Karena anak laki-laki tidak
diarahkan untuk lebih emosional, para orangtua tidak dapat mengimbangi
penggunaan dot dengan membantu mereka belajar dengan cara lain.
Penelitian
tersebut terinspirasi oleh penelitian yang dilakukan pada orang-orang
usia dewasa yang menggunakan Botoks. Penelitian sebelumnya menunjukkan
bahwa orang yang melumpuhkan otot-otot wajah mereka dengan suntikan
toksin botulinum sebagai prosedur kosmetik, maka mereka tidak hanya
kurang dalam mengekspresikan emosi di wajah setelah pengobatan, tetapi
emosi mereka pun juga berkurang.
"Penelitian itu membuat kami
berpikir tentang periode kritis perkembangan emosional, seperti bayi,"

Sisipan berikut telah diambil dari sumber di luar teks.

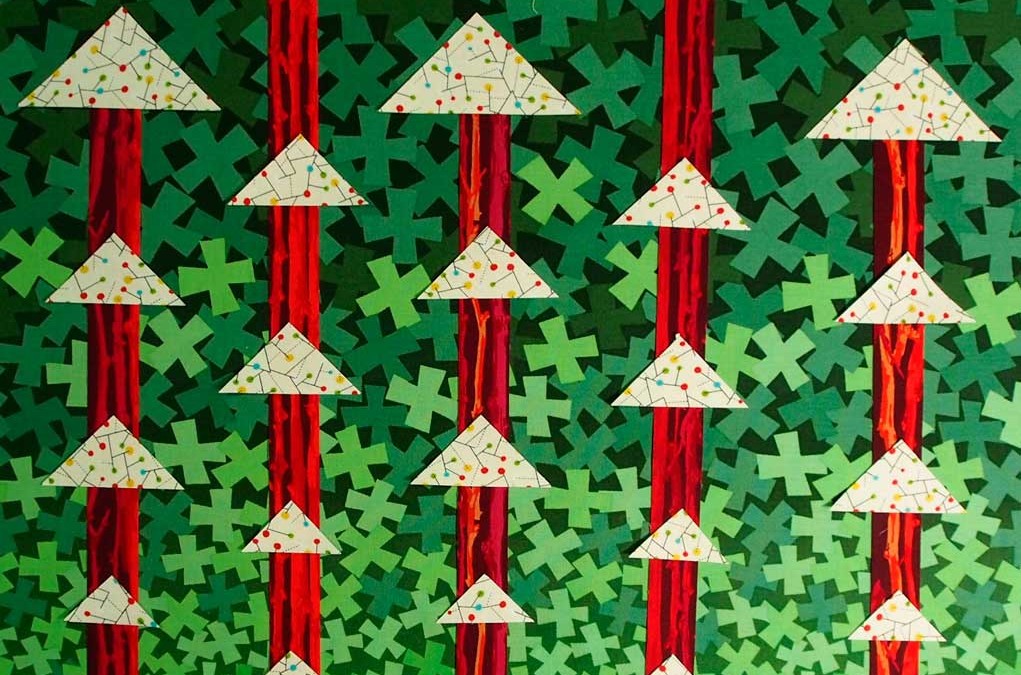 Cream triangles along red strips on a green background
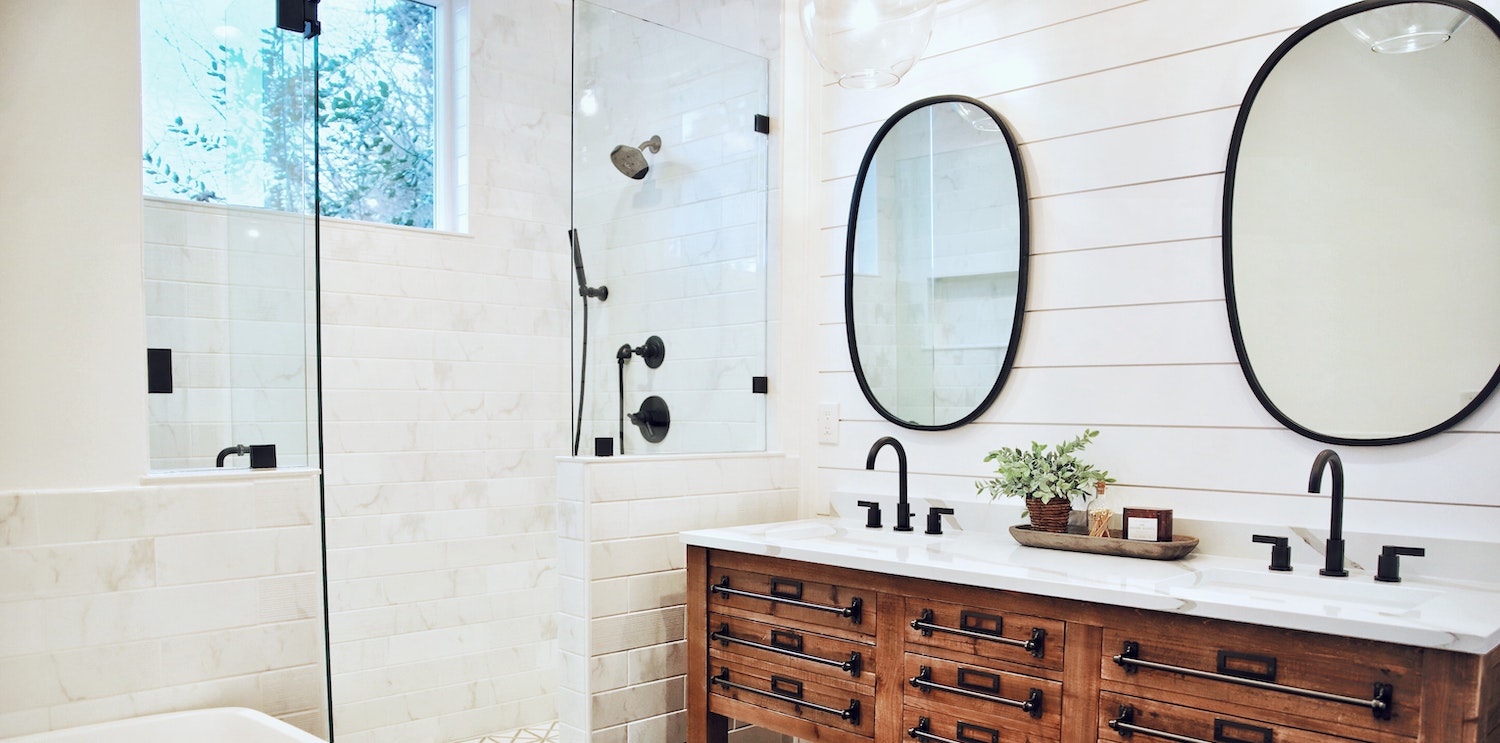 Zero-Waste Bathroom - Minimalist Bathroom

kata Niedenthal dalam sebuah pernyataan. "Bagaimana jika Anda selalu
memiliki sesuatu di mulut Anda yang mencegah Anda bermimik dan
beresonansi dengan ekspresi wajah seseorang?"
Niedenthal mengakui
bahwa meminta orangtua (dan bayi) untuk membuang dot, akan membuat
mereka bingung. "Orangtua tidak suka membicarakan ini." Ia juga
mengatakan bahwa dot yang digunakan saat tidur tidak membahayakan
anak-anak secara emosional. "Kita sudah tahu dari penelitian ini bahwa
pada saat dot digunakan pada malam hari, tidak akan membuat perbedaan
yang berarti, mungkin karena itu bukanlah saat para bayi mengamati dan
meniru ekspresi wajah kita. Itu bukanlah waktunya belajar."
Penggunaan
dot pada umumnya adalah topik yang kontroversial. Organisasi Kesehatan
Dunia atau WHO mengatakan bahwa setiap puting buatan dapat menghambat
proses menyusui, dan Journal of American Family Physician menambahkan
bahwa dot dapat mengakibatkan infeksi telinga dan akhirnya menyebabkan
masalah gigi. Namun, American Academy of Pediatrics mengatakan bahwa
mereka akan baik-baik saja selama Anda tidak memberikan kepada bayi yang
sedang lapar, lebih baik Anda memberi mereka makanan. Mengisap dot saat
tidur siang dan malam bahkan dapat mengurangi risiko Sindrom Kematian
Bayi Mendadak (SIDS).
Niedenthal mengatakan bahwa timnya sedang
melakukan penelitian terkait faktor-faktor lain, seperti apakah bayi
dapat mengekspresikan emosi saat diberikan dot dan jika orangtua
memberikan dot lebih sering kepada bayi laki-laki. Untuk saat ini, ia
menyarankan bahwa setidaknya orangtua mempertimbangkan untuk membatasi
penggunaan dot terutama pada siang hari kepada anak laki-laki.